Re: Improve pg_sync_replication_slots() to wait for primary to advance

shveta malik <shveta.malik@gmail.com>

From: shveta malik <shveta.malik@gmail.com>
To: Ajin Cherian <itsajin@gmail.com>
Cc: Ashutosh Sharma <ashu.coek88@gmail.com>, Ashutosh Bapat <ashutosh.bapat.oss@gmail.com>, Amit Kapila <amit.kapila16@gmail.com>, PostgreSQL mailing lists <pgsql-hackers@postgresql.org>, shveta malik <shveta.malik@gmail.com>
Date: 2025-10-07T10:16:52Z
Lists: pgsql-hackers

Commits

Same data as JSON: GET /api/v1/messages/:b64id/commits the thread's linked commits as JSON, with link sources. API reference →
  1. Enhance slot synchronization API to respect promotion signal.

  2. Fix inconsistent elevel in pg_sync_replication_slots() retry logic.

  3. Refactor slot synchronization logic in slotsync.c.

  4. Fix intermittent BF failure in 040_standby_failover_slots_sync.

  5. Add retry logic to pg_sync_replication_slots().

  6. Fix LOCK_TIMEOUT handling in slotsync worker.

  7. Add slotsync skip statistics.

On Tue, Oct 7, 2025 at 3:24 PM Ajin Cherian <itsajin@gmail.com> wrote:
>
> Hello Hackers,
>
> In an offline discussion, I was considering adding a TAP test for this
> patch.
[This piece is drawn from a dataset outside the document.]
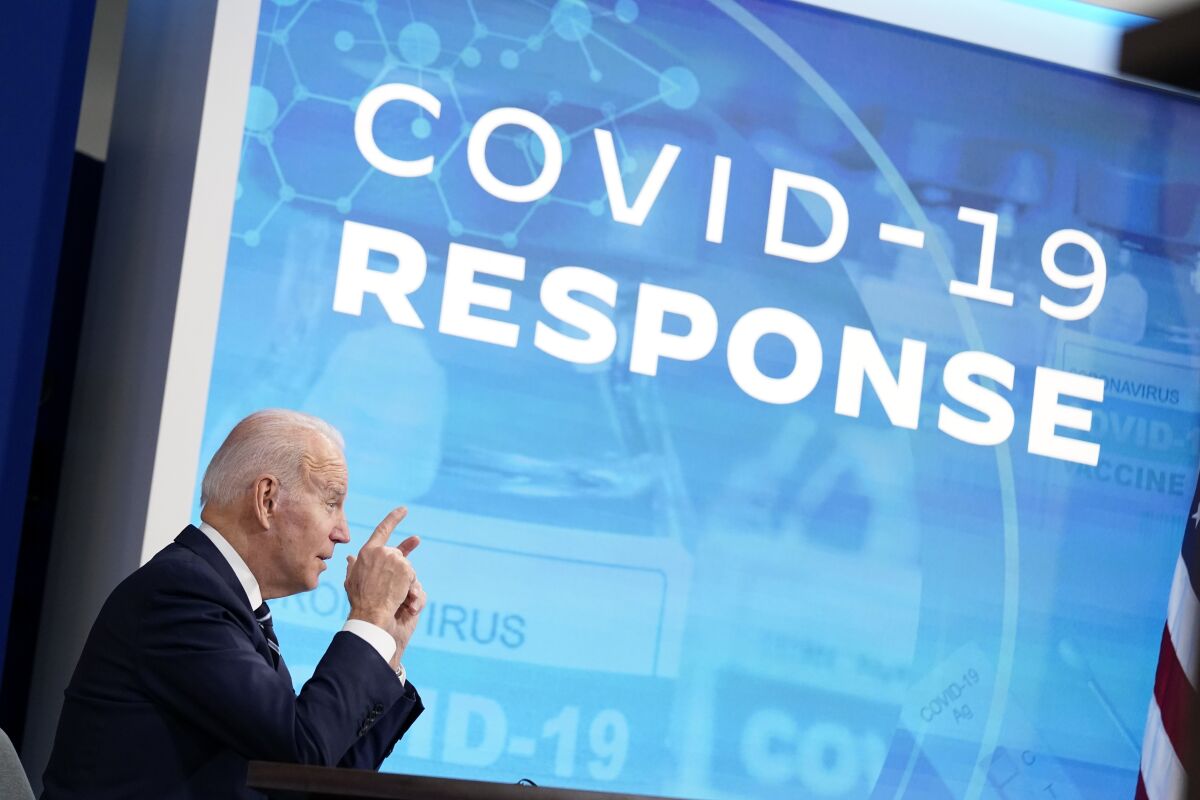 President Biden speaks in front of a blue screen that says "COVID-19 response."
However, testing the pg_sync_replication_slots() API’s wait
> logic requires a delay of at least 2 seconds, since that’s the
> interval the API sleeps before retrying. I’m not sure it’s acceptable
> to add a TAP test that increases runtime by 2 seconds.
> I’m also wondering if 2 seconds is too long for the API to wait?
> Should we reduce it to something like 200 ms instead? I’d appreciate
> your feedback.
>

I feel a shorter nap will be good since it is an API and should finish
fast. But too short a nap may result in too many primary pings
specially when primary-slots are not advancing. But that case should
be a rare one. Shall we have a nap of say 500ms? It is neither too
short nor too long. Thoughts?

thanks
Shveta